September 4, 2017

Spiral Galaxy NGC 5559

Spiral Galaxy NGC 5559

Like firecrackers lighting up the sky on New Year’s Eve, the majestic spiral arms of NGC 5559 are alight with new stars being born. NGC 5559 is a spiral galaxy, with spiral arms filled with gas and dust sweeping out around the bright galactic bulge. These arms are a rich environment for star formation, dotted with a festive array of colours including the newborn stars glowing blue as a result of their immensely high temperatures.

NGC 5559 was discovered by astronomer William Herschel in 1785 and lies approximately 240 million light-years away in the northern constellation of Bo├Âtes (the herdsman)

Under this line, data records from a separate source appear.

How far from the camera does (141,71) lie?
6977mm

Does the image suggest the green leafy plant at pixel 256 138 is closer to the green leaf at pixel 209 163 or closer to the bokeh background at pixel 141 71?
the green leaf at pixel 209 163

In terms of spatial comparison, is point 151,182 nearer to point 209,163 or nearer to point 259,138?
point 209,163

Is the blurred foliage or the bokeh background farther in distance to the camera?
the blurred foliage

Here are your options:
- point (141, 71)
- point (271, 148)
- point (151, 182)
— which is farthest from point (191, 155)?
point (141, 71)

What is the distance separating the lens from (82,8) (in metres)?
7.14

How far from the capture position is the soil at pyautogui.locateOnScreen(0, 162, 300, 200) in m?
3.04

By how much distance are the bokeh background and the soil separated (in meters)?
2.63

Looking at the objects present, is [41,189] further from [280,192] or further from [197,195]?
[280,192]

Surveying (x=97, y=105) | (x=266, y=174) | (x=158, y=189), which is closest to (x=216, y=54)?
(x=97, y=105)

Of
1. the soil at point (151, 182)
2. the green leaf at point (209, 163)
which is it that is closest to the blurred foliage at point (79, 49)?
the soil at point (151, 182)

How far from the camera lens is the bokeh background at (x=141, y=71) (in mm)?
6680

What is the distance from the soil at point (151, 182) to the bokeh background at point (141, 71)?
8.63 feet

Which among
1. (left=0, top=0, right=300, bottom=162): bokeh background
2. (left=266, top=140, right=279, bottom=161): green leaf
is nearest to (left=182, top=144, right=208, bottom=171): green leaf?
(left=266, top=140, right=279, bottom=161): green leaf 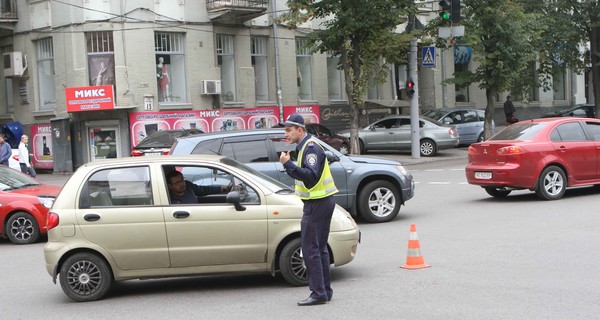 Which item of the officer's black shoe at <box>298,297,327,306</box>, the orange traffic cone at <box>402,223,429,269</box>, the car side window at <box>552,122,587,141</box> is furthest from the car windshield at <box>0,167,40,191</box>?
the car side window at <box>552,122,587,141</box>

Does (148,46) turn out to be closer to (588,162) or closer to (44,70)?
(44,70)

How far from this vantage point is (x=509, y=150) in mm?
14578

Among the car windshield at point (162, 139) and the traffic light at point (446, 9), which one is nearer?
the car windshield at point (162, 139)

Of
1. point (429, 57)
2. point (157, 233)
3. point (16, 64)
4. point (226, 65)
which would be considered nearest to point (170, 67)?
point (226, 65)

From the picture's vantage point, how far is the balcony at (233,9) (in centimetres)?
A: 2956

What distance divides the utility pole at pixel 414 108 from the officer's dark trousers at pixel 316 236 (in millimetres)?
21035

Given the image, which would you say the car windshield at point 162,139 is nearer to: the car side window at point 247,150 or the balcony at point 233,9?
the balcony at point 233,9

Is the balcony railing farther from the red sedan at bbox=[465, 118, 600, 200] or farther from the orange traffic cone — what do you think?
the orange traffic cone

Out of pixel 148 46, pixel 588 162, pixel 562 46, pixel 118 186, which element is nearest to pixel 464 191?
pixel 588 162

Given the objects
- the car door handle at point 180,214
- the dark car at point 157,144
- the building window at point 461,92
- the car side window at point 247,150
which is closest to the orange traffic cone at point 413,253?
the car door handle at point 180,214

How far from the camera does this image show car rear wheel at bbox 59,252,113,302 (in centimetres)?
814

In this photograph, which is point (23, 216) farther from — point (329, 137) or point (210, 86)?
point (210, 86)

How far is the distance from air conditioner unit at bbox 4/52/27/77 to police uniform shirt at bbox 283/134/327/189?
25049 mm

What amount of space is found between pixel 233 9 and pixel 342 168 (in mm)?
18007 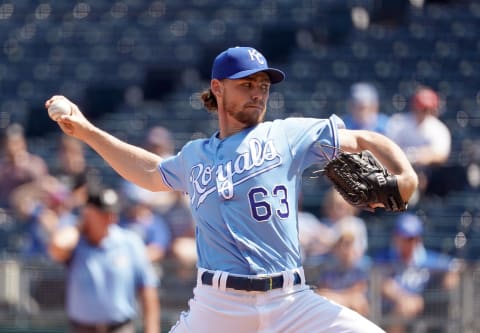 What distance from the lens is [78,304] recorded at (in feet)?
23.2

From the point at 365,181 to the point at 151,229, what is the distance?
15.6 feet

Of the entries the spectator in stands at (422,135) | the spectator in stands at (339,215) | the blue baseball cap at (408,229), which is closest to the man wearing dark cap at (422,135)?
the spectator in stands at (422,135)

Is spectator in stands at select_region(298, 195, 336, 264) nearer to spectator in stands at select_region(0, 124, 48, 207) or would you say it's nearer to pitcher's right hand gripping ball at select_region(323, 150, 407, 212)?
spectator in stands at select_region(0, 124, 48, 207)

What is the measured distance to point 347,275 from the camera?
775 centimetres

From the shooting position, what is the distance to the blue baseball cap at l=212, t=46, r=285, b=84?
4.38m

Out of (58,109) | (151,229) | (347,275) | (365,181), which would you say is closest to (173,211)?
(151,229)

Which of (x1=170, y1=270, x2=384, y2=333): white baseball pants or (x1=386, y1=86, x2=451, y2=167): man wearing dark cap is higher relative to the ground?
(x1=386, y1=86, x2=451, y2=167): man wearing dark cap

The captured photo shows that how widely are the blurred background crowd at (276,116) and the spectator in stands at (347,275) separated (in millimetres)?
10

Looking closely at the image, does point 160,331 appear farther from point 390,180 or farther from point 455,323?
point 390,180

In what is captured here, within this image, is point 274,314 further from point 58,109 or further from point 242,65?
point 58,109

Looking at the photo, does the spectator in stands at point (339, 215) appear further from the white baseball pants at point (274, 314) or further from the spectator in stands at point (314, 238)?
the white baseball pants at point (274, 314)

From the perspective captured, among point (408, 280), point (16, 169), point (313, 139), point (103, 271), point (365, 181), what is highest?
point (313, 139)

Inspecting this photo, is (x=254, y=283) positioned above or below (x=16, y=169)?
below

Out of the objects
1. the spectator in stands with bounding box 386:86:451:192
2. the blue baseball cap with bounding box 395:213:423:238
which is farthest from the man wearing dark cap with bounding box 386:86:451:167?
the blue baseball cap with bounding box 395:213:423:238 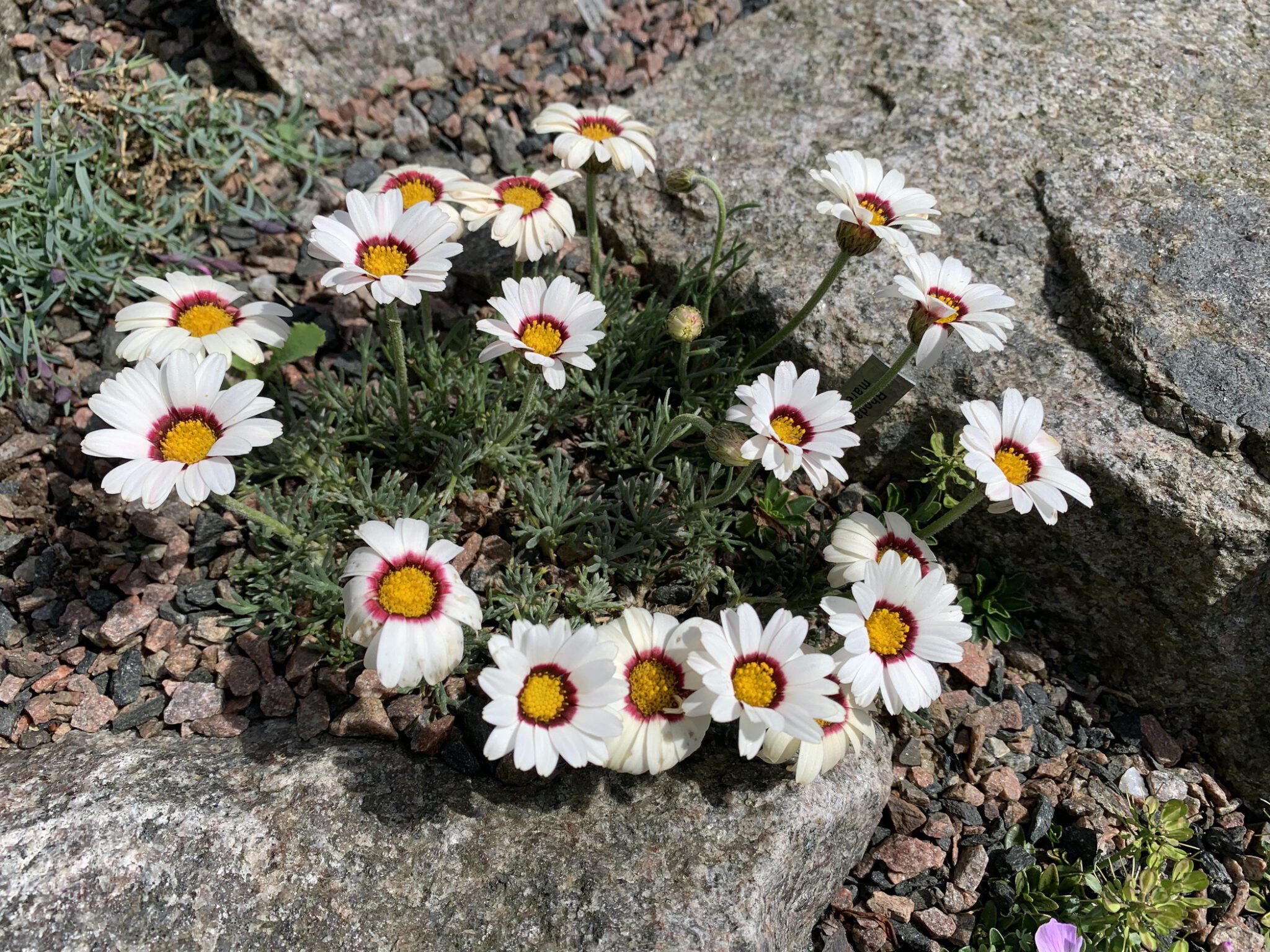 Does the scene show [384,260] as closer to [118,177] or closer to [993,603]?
[118,177]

In 2001, a calcium-rich supernova called 2001co was observed in NGC 5559. Calcium-rich supernovae (Ca-rich SNe) are described as “fast-and-faint”, as they're less luminous than other types of supernovae and also evolve more rapidly, to reveal spectra dominated by strong calcium lines. 2001co occurred within the disc of NGC 5559 near star-forming regions, but Ca-rich SNe are often observed at large distances from the nearest galaxy, raising curious questions about their progenitors.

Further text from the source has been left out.